What you have to do: The line containing "Huelga en Monbus: seguimiento" marks the end; copy exactly all lines from the start of the material up to and including it.

═════ Exercise data

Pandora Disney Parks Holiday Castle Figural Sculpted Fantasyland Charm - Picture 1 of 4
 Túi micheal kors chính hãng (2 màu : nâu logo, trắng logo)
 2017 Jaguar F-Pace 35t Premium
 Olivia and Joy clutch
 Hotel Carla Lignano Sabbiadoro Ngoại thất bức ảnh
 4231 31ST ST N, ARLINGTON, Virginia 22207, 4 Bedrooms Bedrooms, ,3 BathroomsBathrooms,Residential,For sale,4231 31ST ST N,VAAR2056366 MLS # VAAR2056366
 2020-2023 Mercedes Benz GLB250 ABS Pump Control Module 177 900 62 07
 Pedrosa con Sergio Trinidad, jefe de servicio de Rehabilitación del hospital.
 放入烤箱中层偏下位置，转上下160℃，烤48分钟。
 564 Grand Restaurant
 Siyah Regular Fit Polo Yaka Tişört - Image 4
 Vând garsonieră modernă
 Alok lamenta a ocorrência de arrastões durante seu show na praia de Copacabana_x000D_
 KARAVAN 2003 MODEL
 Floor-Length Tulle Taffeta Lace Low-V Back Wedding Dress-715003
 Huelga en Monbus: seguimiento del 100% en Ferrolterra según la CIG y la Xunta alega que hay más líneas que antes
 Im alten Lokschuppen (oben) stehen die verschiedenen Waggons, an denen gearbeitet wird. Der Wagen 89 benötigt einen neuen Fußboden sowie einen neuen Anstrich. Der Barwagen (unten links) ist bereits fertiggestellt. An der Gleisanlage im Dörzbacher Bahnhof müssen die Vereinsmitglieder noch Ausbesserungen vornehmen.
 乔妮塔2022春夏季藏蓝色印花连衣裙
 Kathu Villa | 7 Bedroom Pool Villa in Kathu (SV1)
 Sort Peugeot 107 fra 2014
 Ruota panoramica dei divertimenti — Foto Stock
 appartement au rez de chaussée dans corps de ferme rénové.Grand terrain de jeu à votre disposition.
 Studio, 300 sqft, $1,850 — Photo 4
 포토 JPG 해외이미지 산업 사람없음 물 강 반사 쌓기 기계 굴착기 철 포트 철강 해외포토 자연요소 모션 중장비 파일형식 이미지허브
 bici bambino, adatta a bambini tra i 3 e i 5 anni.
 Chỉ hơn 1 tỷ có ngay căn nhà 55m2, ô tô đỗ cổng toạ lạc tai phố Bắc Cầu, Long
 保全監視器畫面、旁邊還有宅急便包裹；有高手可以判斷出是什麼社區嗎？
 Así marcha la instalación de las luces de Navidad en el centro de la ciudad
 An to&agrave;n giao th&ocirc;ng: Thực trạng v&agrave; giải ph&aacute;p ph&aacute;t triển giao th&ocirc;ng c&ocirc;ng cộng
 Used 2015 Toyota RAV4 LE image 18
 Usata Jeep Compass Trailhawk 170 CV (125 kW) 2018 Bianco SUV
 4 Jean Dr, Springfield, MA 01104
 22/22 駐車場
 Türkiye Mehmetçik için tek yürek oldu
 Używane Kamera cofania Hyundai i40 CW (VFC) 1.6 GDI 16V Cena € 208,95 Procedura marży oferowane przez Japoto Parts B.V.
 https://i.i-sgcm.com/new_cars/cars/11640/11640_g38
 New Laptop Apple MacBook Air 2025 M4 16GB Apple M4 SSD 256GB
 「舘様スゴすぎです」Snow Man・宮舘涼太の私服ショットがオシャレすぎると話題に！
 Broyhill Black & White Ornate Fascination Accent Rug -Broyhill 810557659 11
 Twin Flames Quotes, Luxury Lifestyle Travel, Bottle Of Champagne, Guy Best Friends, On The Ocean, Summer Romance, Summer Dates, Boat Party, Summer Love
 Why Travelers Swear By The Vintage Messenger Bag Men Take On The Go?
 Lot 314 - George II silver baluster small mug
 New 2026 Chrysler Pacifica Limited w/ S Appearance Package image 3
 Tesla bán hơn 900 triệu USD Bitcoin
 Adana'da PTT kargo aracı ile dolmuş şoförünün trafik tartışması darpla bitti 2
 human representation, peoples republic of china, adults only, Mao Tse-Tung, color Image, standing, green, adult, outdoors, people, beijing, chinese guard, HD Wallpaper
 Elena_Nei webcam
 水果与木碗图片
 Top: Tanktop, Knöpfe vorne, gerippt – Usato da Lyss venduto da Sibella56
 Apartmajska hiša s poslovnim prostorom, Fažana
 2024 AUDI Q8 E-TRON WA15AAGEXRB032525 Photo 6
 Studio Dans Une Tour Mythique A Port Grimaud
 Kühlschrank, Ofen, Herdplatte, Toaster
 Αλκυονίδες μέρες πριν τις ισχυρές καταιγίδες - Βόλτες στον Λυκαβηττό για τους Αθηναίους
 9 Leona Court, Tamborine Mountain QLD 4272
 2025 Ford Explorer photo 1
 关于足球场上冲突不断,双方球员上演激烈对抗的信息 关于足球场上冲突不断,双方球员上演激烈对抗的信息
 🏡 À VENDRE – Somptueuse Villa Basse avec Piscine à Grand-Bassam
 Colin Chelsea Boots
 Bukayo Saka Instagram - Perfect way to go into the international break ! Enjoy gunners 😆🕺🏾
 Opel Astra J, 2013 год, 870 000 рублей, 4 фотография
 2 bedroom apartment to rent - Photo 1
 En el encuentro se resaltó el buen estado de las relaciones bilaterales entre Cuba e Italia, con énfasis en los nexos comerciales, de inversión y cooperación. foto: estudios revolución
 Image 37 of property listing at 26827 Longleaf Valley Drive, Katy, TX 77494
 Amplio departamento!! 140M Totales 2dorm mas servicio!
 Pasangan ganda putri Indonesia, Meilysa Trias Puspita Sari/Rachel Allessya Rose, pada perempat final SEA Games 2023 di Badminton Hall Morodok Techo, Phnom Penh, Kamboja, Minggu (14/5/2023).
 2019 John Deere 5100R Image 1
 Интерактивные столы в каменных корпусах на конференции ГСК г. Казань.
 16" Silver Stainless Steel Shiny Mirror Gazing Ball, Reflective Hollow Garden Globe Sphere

══════════

Written answer:
Pandora Disney Parks Holiday Castle Figural Sculpted Fantasyland Charm - Picture 1 of 4
 Túi micheal kors chính hãng (2 màu : nâu logo, trắng logo)
 2017 Jaguar F-Pace 35t Premium
 Olivia and Joy clutch
 Hotel Carla Lignano Sabbiadoro Ngoại thất bức ảnh
 4231 31ST ST N, ARLINGTON, Virginia 22207, 4 Bedrooms Bedrooms, ,3 BathroomsBathrooms,Residential,For sale,4231 31ST ST N,VAAR2056366 MLS # VAAR2056366
 2020-2023 Mercedes Benz GLB250 ABS Pump Control Module 177 900 62 07
 Pedrosa con Sergio Trinidad, jefe de servicio de Rehabilitación del hospital.
 放入烤箱中层偏下位置，转上下160℃，烤48分钟。
 564 Grand Restaurant
 Siyah Regular Fit Polo Yaka Tişört - Image 4
 Vând garsonieră modernă
 Alok lamenta a ocorrência de arrastões durante seu show na praia de Copacabana_x000D_
 KARAVAN 2003 MODEL
 Floor-Length Tulle Taffeta Lace Low-V Back Wedding Dress-715003
 Huelga en Monbus: seguimiento del 100% en Ferrolterra según la CIG y la Xunta alega que hay más líneas que antes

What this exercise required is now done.